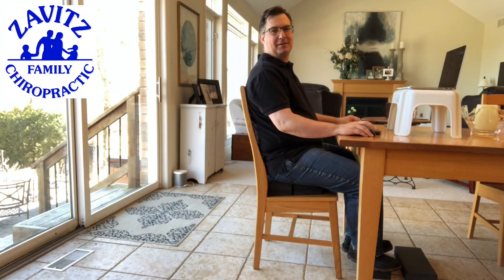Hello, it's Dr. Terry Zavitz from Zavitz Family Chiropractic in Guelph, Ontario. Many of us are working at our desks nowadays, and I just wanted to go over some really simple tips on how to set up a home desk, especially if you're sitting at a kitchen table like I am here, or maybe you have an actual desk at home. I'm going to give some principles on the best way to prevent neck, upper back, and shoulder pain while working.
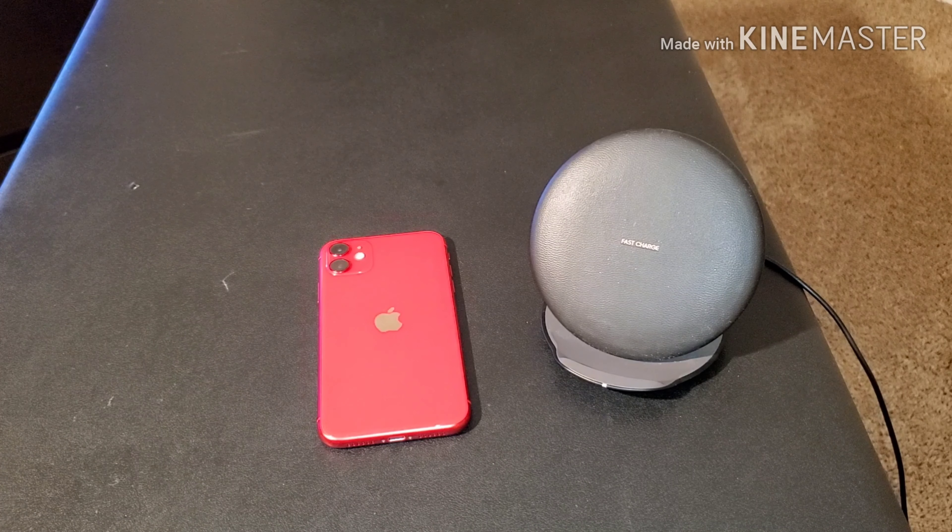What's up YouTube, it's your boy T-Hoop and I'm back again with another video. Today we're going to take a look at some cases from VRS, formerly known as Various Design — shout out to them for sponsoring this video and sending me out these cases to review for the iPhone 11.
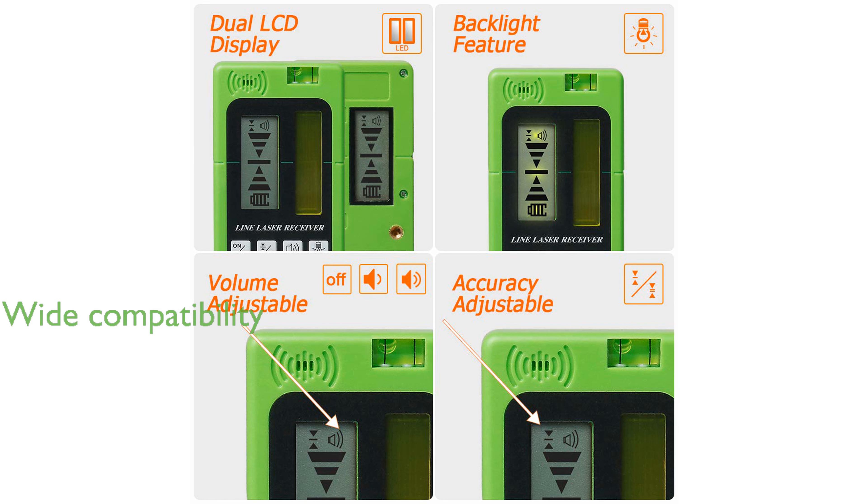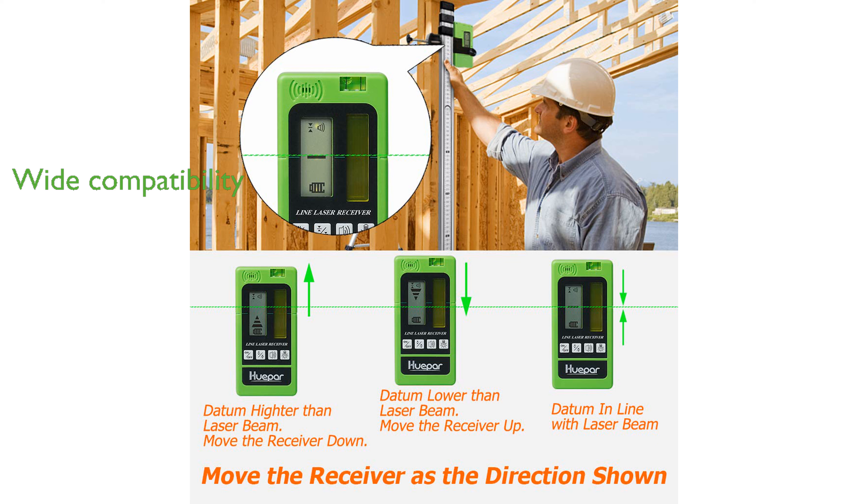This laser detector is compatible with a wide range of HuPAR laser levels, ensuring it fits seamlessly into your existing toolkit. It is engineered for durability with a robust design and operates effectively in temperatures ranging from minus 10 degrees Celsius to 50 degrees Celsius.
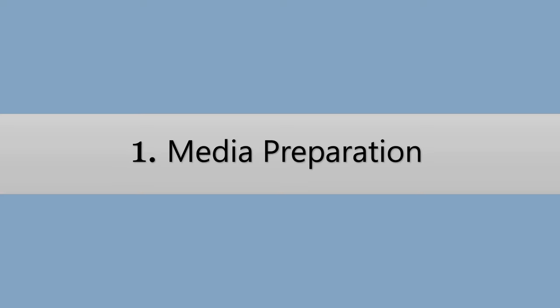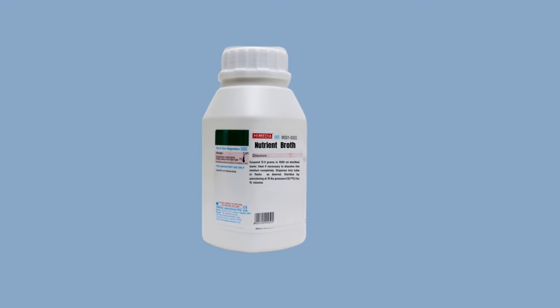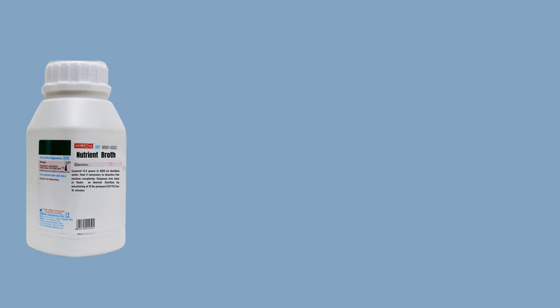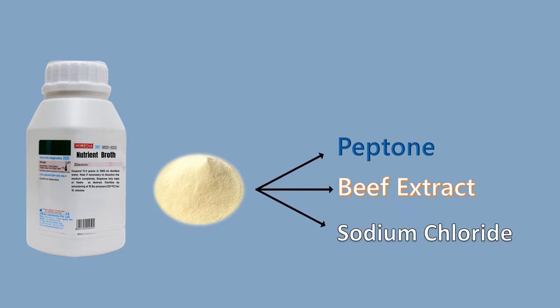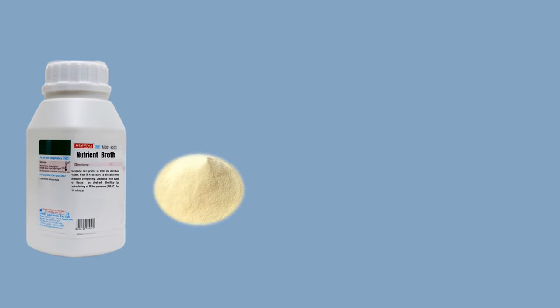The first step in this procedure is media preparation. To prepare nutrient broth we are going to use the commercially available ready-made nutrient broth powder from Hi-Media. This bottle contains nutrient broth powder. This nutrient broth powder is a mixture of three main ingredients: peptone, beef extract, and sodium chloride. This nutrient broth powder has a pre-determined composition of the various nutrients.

---+---

- [YOUR ASSIGNMENT]:
None of the pictures should be reproduced; all other material above must be set down exactly.

- [ANSWER SECTION]:
Hello, it's Dr. Terry Zavitz from Zavitz Family Chiropractic in Guelph, Ontario. Many of us are working at our desks nowadays, and I just wanted to go over some really simple tips on how to set up a home desk, especially if you're sitting at a kitchen table like I am here, or maybe you have an actual desk at home. I'm going to give some principles on the best way to prevent neck, upper back, and shoulder pain while working.
What's up YouTube, it's your boy T-Hoop and I'm back again with another video. Today we're going to take a look at some cases from VRS, formerly known as Various Design — shout out to them for sponsoring this video and sending me out these cases to review for the iPhone 11.
This laser detector is compatible with a wide range of HuPAR laser levels, ensuring it fits seamlessly into your existing toolkit. It is engineered for durability with a robust design and operates effectively in temperatures ranging from minus 10 degrees Celsius to 50 degrees Celsius.
The first step in this procedure is media preparation. To prepare nutrient broth we are going to use the commercially available ready-made nutrient broth powder from Hi-Media. This bottle contains nutrient broth powder. This nutrient broth powder is a mixture of three main ingredients: peptone, beef extract, and sodium chloride. This nutrient broth powder has a pre-determined composition of the various nutrients.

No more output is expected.